Prize Cryptic Crossword 2199 by Phi

March 3, 2018

Saturday 24th February 2018

It’s probably invidious to do so, but with nothing much to say about last week’s Prize puzzle, I’m going to compare Phi with the only other once-a-week setter, Dac.

They’re not a million miles apart really, but Phi on a non-themed, non-Nina day is clearly a measure harder. He uses more obscurities – words like Lar as a deity in 12a, or 11a Beaumur would be surprising indeed on a Wednesday, but are common enough on a Saturday. Whilst Dac is rightly celebrated for his smoothness of surfaces and seemingly effortless wordplay – he’s been called ‘the best pound-for-pound setter out there’ (or something like that) – we can all look to Phi to give us something a bit more challenging to get our teeth into at the weekend – a wide general knowledge goes a long way and there’s a good measure of the unexpected to boot.

COD was my last one in:

15a Dead ringer initially seen in ring of shadows (9)


Update. I’ve just read the 2013 blog on Fifteensquared here and discovered there is indeed a Nina. Frankly I despair, and I’m afraid Phi and I will have to agree to differ as to whether Ninas are there for the setter’s amusement or the solvers’.


4 Responses to “Prize Cryptic Crossword 2199 by Phi”

  1. batarde said

    I have a sprinkling of ticks, including the worthy COD; a “yuk” next to 27ac, and “again?!” by Zelda. Don’t worry, I’m not about to repeat my tirade on that subject. Not a great deal to say about the puzzle as a whole, but it’s interesting to have my suspicion confirmed that Phi uses Ninas as a means to get the grid filling process started. Mike Laws used to do something similar when compiling Mephistos, so he says, but I never spotted what he was up to and probably wasn’t intended to. Perhaps it’s a commoner strategy than we think.

  2. jonofwales said

    A little tricky here and there I thought, and enjoyable with or without spotting any Nina. 🙂 And a Saturday when I had a newspaper to solve off – we’re still a little cut off here.
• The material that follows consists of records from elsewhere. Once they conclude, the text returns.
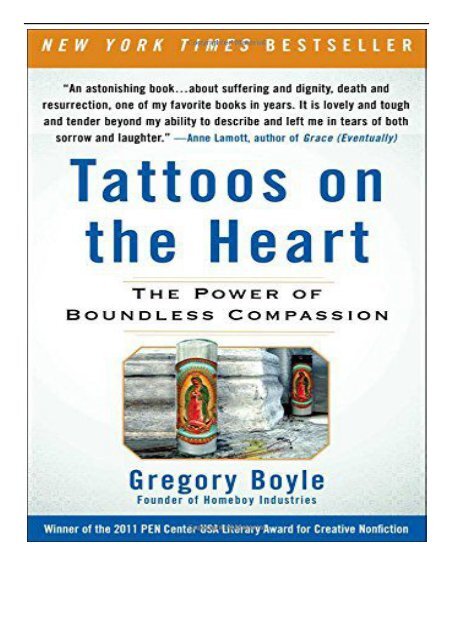 Tattoos on the Heart by Gregory Boyle Plot Summary  LitCharts
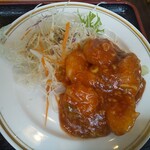 新中華 - 海老チリ プリプリ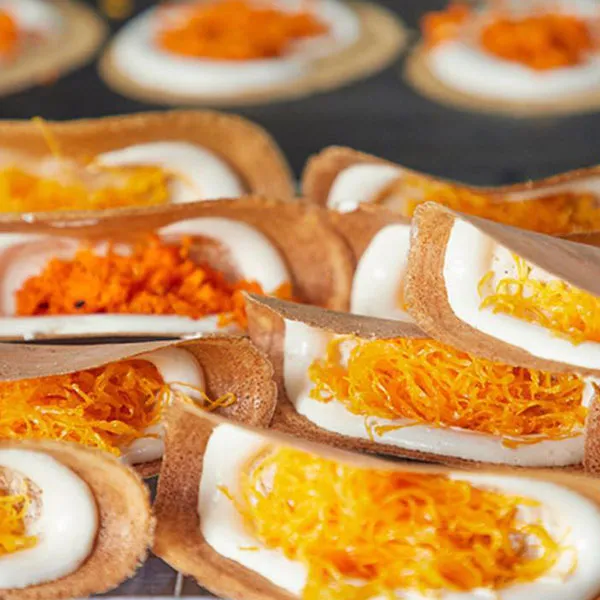 Enjoy Traditional Thai Desserts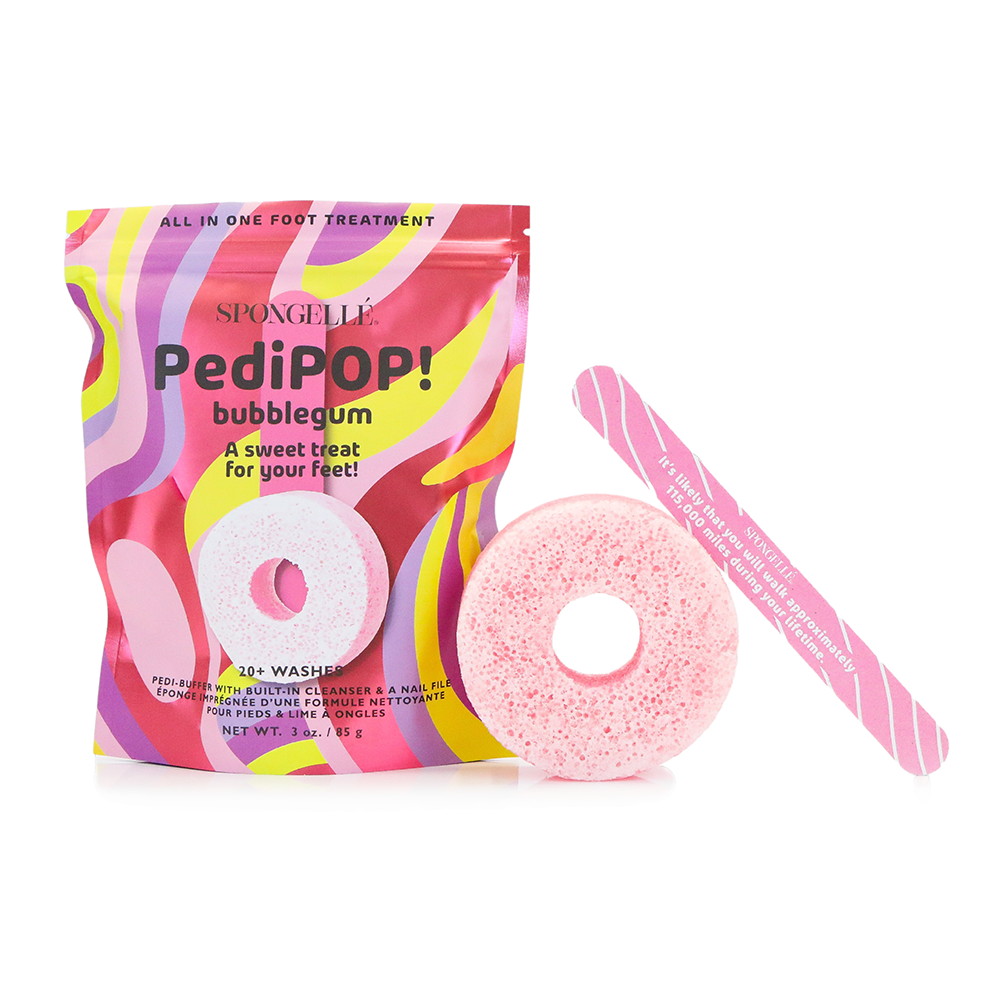 Bubblegum | PediPOP! Pedi Buffer &amp; Nail File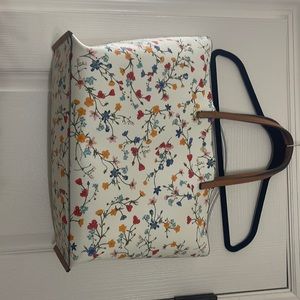 EUC Tory Burch floral tote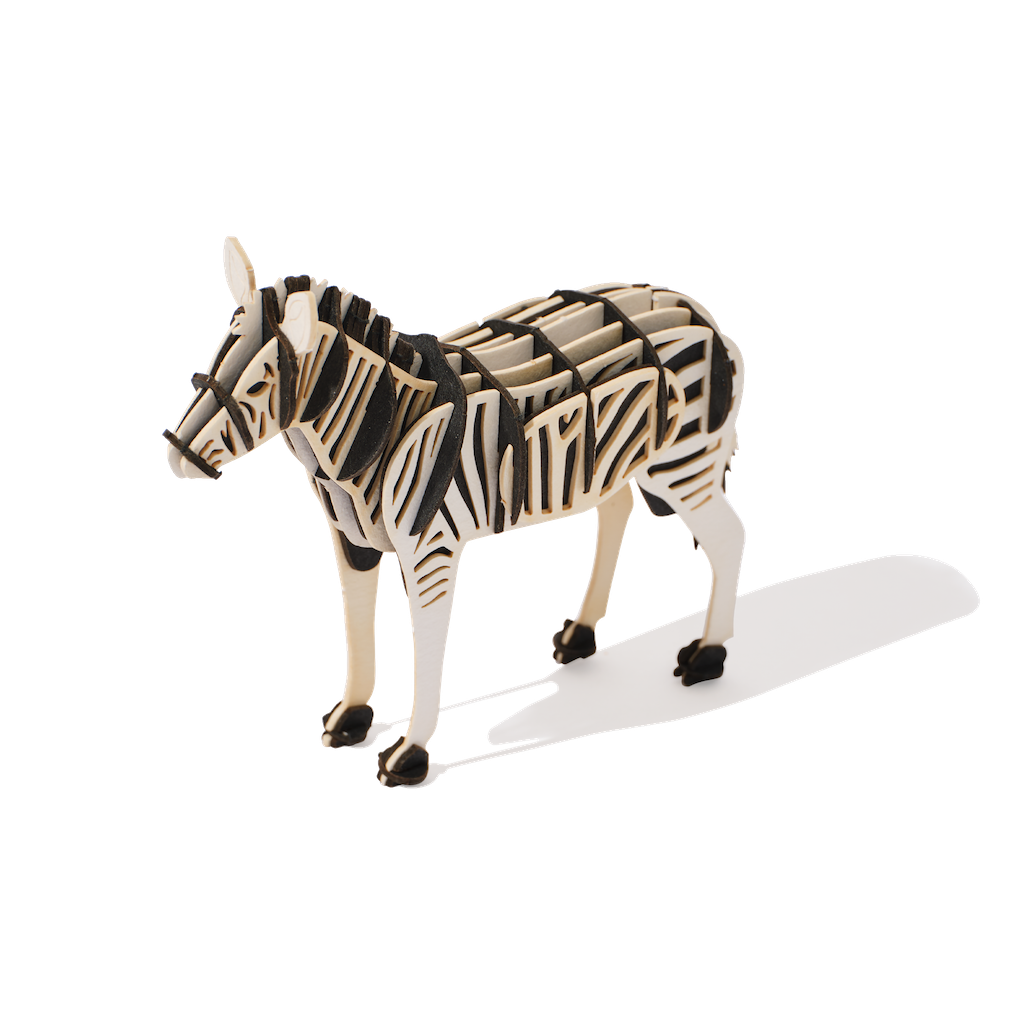 3d zebra puzzle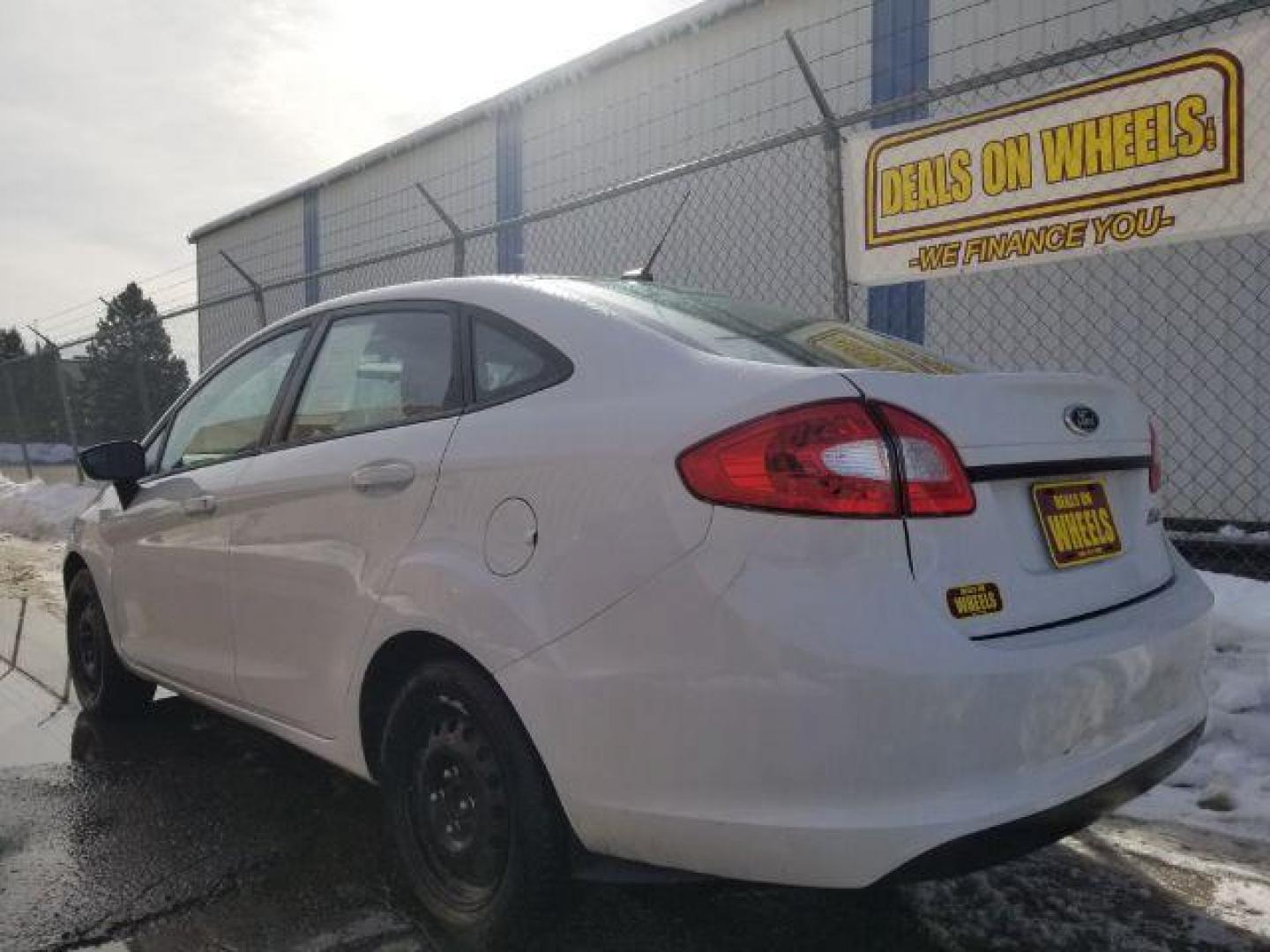 2013 Ford Fiesta S Sedan (3FADP4AJXDM) with an 1.6L L4 DOHC 16V engine, located at 1800 West Broadway, Missoula, 59808, (406) 543-1986, 46.881348, -114.023628 - Photo#5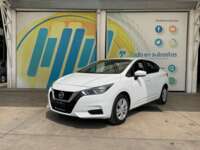 Nissan Versa 2021 4p Sense L4/1.6 CVT 2021 Nissan Versa Venta Exteriores 1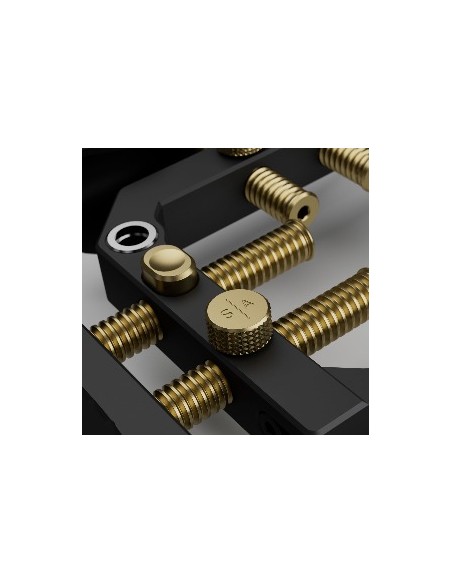 SA Jet Air Chaiss Black complete
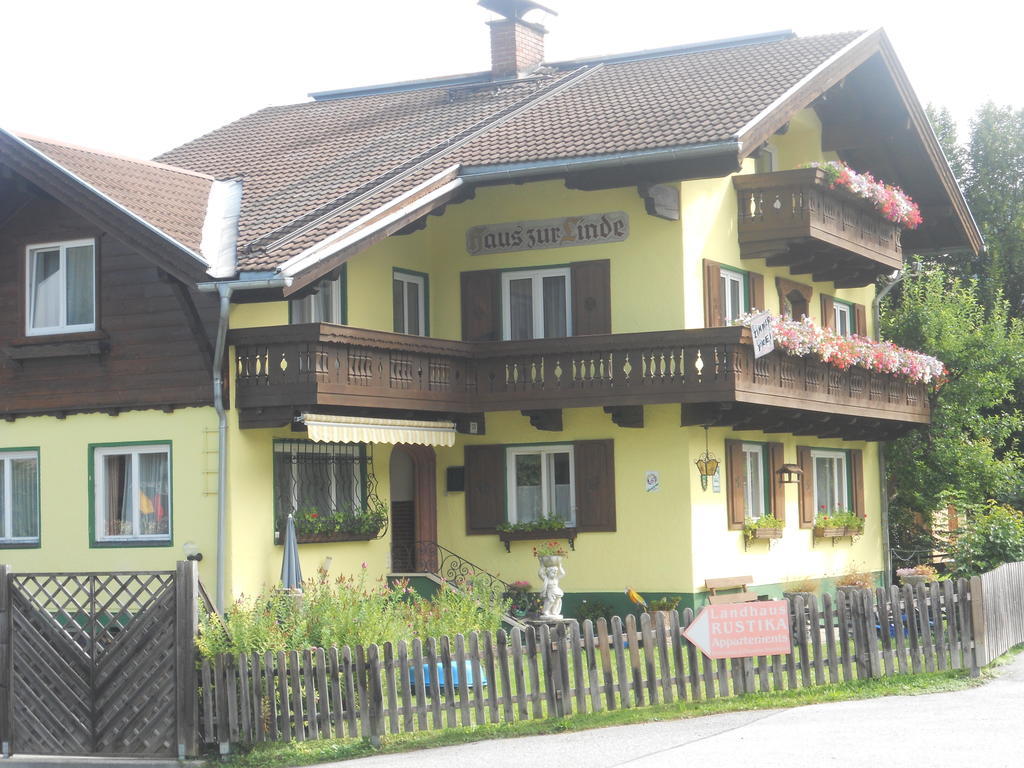 Haus Zur Linde Otel Wagrain Dış mekan fotoğraf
Shelves stripped bare, and punters desperately seeking milk (don’t tell them I’ve got a cupboard full of long-life), and in my case the i, to no avail.

  3. sprouthater said

    Despite the compulsory classical music reference and the odd obscurity I quite enjoyed this perhaps it was the absence of a theme or the inclusion of one of my favourite words at 19dn.
    Here in Somerset we had the i and bread but no milk.